Too bad you go and ruin a perfectly reasonable comment with that crap.

Which moral calculus allows you to call someone else's work "crap", where I can't cast aspersions on the quality of technology adoption in the soap manufacturing industry?
I didn't know the phrase "cast aspersions", so I went to look it up. It means "to slander".

I'm sorry I slandered your slander.

To be clear: I was just pointing out the hypocrisy in pulling out my (admittedly) mildly ad hominem slur comparing the OP author with an IT robot and calling it "crap". You can't reasonably demand civil discourse if you aren't willing to practice it.

But to be honest: I don't think my quip was really that bad. Did I hit too close to home? Do you do soap automation?

Mseebach was insulting your words, based on their content.

You were insulting people, based on their jobs.

And now you're attacking mseebach. In truth you don't sound very repentant.

So my crime is the use of a mild (and very common) ad hominem in a context where I would expect most people would see the humor, not being uncivil? And it's OK to call things "crap" just so long as I don't make an ad hominem argument in doing so?
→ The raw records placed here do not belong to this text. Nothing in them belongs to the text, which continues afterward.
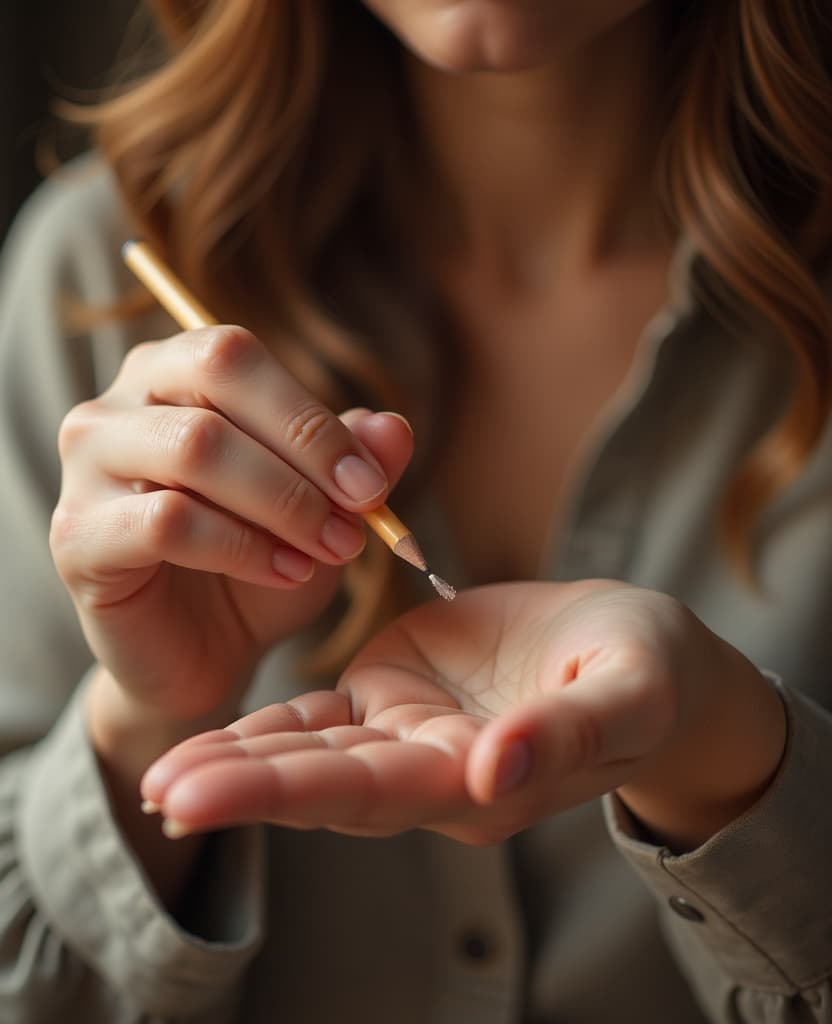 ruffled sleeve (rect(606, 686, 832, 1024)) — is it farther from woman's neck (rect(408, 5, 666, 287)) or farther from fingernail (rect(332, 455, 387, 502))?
woman's neck (rect(408, 5, 666, 287))

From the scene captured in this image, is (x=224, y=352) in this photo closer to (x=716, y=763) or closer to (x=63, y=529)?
(x=63, y=529)

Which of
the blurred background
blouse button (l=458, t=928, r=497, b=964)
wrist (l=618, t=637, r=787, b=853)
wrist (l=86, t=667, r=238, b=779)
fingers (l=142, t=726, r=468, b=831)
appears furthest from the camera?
the blurred background

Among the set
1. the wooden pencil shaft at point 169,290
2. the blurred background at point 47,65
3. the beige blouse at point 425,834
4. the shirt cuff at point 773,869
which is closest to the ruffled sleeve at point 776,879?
the shirt cuff at point 773,869

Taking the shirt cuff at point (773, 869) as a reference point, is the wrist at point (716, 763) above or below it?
above

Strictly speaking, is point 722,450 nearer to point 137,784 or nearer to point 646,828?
point 646,828

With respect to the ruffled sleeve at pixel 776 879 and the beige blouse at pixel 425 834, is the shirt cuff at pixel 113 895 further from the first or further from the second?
the ruffled sleeve at pixel 776 879

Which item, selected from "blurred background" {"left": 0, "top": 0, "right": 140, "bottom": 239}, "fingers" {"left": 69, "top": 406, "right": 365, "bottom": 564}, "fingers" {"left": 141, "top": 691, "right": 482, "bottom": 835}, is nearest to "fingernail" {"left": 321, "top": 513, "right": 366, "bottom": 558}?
"fingers" {"left": 69, "top": 406, "right": 365, "bottom": 564}

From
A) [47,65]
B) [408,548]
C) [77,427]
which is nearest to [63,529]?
[77,427]

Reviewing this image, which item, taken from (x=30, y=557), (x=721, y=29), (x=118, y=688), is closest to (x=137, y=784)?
(x=118, y=688) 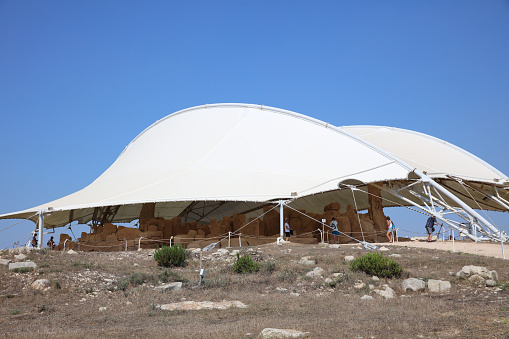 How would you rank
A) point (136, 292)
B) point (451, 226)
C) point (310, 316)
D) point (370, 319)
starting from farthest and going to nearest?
point (451, 226) → point (136, 292) → point (310, 316) → point (370, 319)

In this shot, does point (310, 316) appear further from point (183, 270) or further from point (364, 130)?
point (364, 130)

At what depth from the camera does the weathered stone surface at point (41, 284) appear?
12.5 meters

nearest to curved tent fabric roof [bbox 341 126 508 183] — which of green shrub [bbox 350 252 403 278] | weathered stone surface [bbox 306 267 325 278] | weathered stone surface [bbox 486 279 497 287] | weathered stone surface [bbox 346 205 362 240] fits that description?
weathered stone surface [bbox 346 205 362 240]

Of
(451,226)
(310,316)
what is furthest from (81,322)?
(451,226)

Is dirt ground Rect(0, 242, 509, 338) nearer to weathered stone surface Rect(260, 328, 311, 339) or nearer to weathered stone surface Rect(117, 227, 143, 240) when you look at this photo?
weathered stone surface Rect(260, 328, 311, 339)

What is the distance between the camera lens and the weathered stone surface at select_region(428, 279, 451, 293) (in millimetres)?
11461

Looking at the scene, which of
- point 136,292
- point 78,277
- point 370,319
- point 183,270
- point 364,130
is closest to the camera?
Result: point 370,319

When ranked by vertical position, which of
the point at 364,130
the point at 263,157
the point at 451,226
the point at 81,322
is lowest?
the point at 81,322

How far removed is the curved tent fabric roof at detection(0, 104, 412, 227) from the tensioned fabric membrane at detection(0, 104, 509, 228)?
0.05 m

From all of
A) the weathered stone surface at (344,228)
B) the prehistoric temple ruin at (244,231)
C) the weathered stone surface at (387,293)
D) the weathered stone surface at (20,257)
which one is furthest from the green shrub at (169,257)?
the weathered stone surface at (344,228)

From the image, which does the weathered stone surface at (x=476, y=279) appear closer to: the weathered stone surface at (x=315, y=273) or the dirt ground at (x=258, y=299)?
the dirt ground at (x=258, y=299)

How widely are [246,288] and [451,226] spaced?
10721 mm

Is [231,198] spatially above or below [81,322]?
above

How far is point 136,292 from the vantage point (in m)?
12.2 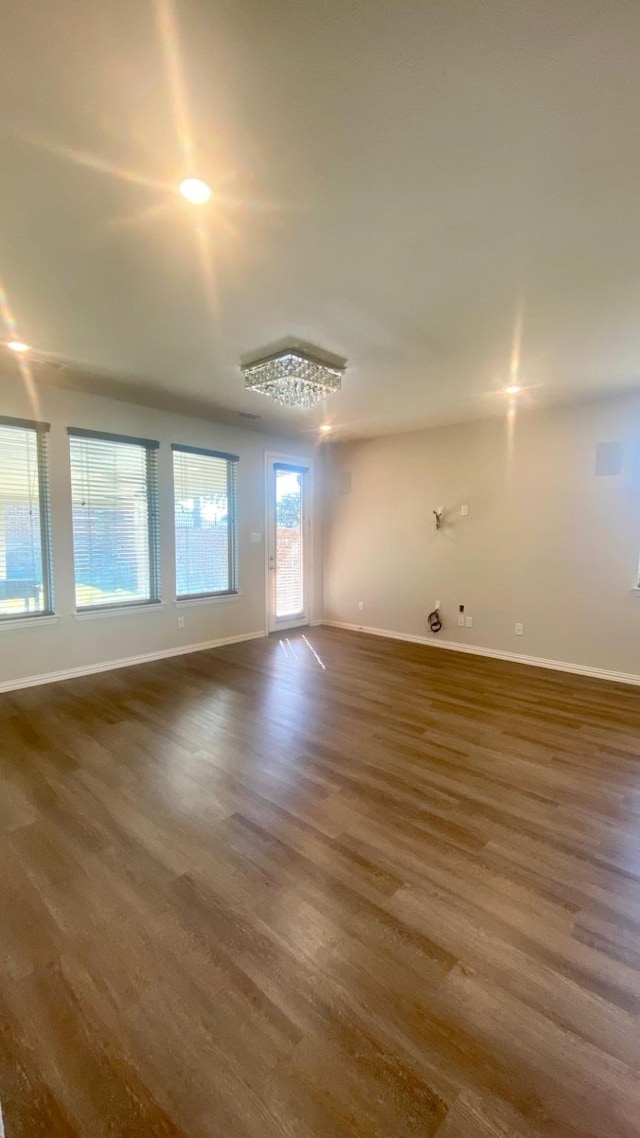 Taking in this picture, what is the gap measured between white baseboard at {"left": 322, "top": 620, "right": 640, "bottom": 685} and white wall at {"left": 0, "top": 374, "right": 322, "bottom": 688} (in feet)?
5.19

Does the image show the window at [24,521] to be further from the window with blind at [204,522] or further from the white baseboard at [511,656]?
the white baseboard at [511,656]

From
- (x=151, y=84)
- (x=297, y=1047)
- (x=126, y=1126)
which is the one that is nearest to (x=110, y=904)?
(x=126, y=1126)

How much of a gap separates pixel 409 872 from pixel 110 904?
114 centimetres

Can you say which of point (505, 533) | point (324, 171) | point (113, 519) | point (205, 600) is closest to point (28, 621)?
point (113, 519)

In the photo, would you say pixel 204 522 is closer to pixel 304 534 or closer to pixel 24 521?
pixel 304 534

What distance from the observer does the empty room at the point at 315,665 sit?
1.16m

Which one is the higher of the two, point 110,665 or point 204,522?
point 204,522

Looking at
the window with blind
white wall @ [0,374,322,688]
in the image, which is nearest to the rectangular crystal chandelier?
white wall @ [0,374,322,688]

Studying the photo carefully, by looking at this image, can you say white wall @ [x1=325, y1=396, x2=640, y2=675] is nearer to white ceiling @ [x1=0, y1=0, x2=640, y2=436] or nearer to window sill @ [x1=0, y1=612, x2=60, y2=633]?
white ceiling @ [x1=0, y1=0, x2=640, y2=436]

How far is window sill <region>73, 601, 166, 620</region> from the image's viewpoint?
426 cm

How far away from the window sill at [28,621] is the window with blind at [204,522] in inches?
49.7

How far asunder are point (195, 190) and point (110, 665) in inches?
157

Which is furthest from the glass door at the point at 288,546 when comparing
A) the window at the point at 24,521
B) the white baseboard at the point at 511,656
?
the window at the point at 24,521

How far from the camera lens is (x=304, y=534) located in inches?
251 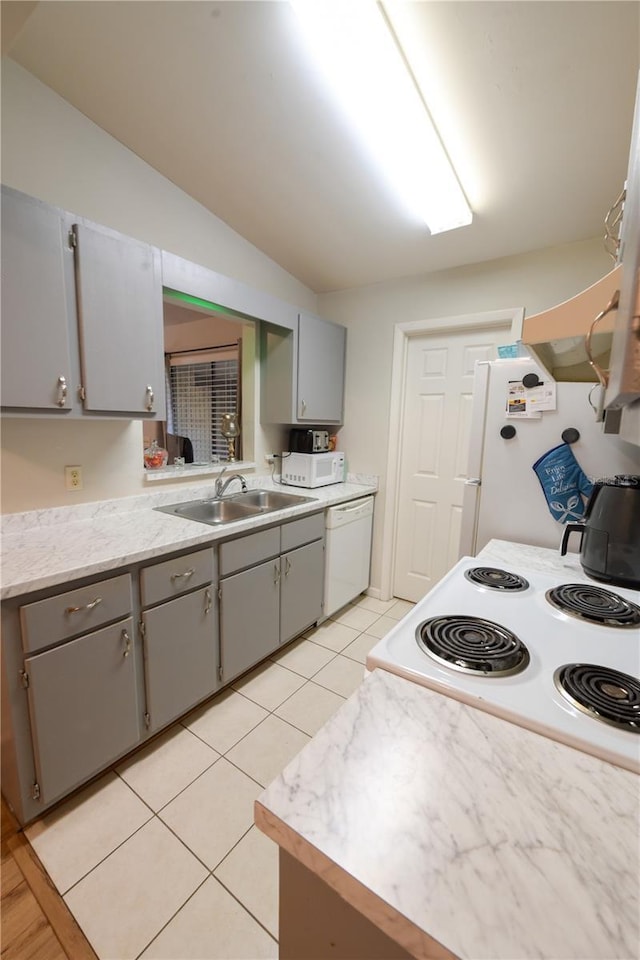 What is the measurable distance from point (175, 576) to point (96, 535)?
1.26 feet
Sorry, your argument is steaming crap. The idea that one can't invoke the pervasive metaphor of bad IT-generated code (or, I guess, imply that the local soap industry might do it) but that it's OK to flame away at the author who does is just dumb.

And for the record: I don't believe I expressed any repentence. :)

It should be noted, it's very clear his executable sizes are for a Debug compilation. I tossed the same code for the final example into VC10, and sure enough in release mode the compiled size is 10KB, and in debug it's just less than the size he stated. This is for 64-bit.

I'm not sure what point it serves to compare debug mode executable sizes, but that should be clearly stated in the article. As other people stated, the final example really ought to lose the wrapping class in the spirit of C++11 brevity and functional decomposition.

(comment deleted)
Pointless... Because at the time you want to suck out performance of any of those, you would have to stick your guns to the provided macros or inline functions from Intel, ARM, IBM (PowerPC/AltiVec), etc. - and reimplement this using them - SSE2, AVX, whatever.

This is not even funny....

And packing three doubles in structures - good programming technique? Okay.. That's enough (it might be good sometimes, but not always)

I think the overusage of classes is directly related to schools teaching Java instead of C or lisp or... well anything else.
Looks like the author of the C solution has never written a lot of C, but too much C++. ;-D
This is a dumb example. Should have used a root finder. C sucks with those.